--- Problem to work on ---
Word for word, transcribe the lines below and drop the pictures.

--- Given material ---
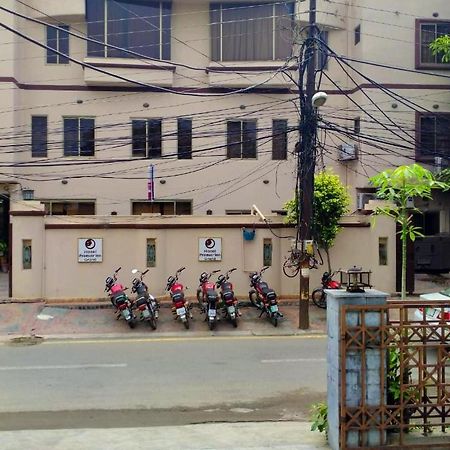 Lokal Rooms X Gulberg Lahore Ngoại thất bức ảnh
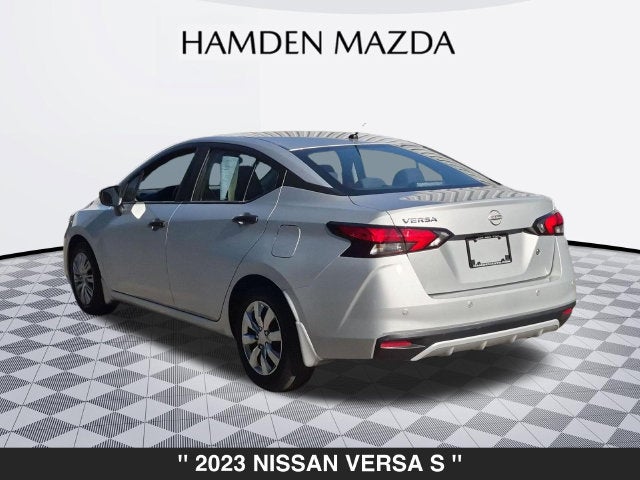2023 Nissan Versa 1.6 S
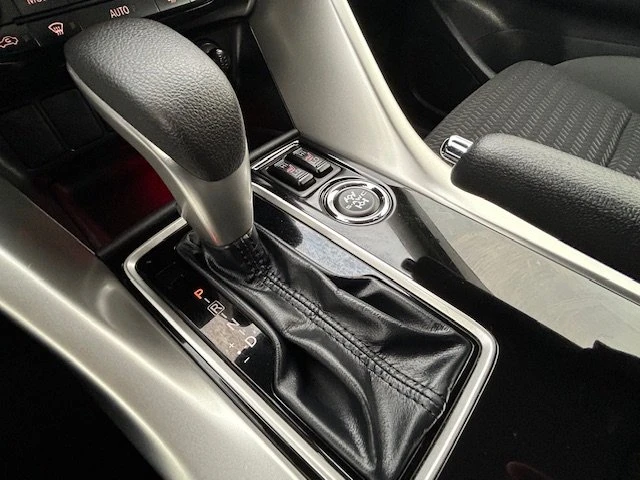 2025 Mitsubishi Eclipse Cross - Image 9 of 13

--- Answer for this exercise ---
 Lokal Rooms X Gulberg Lahore Ngoại thất bức ảnh
2023 Nissan Versa 1.6 S
 2025 Mitsubishi Eclipse Cross - Image 9 of 13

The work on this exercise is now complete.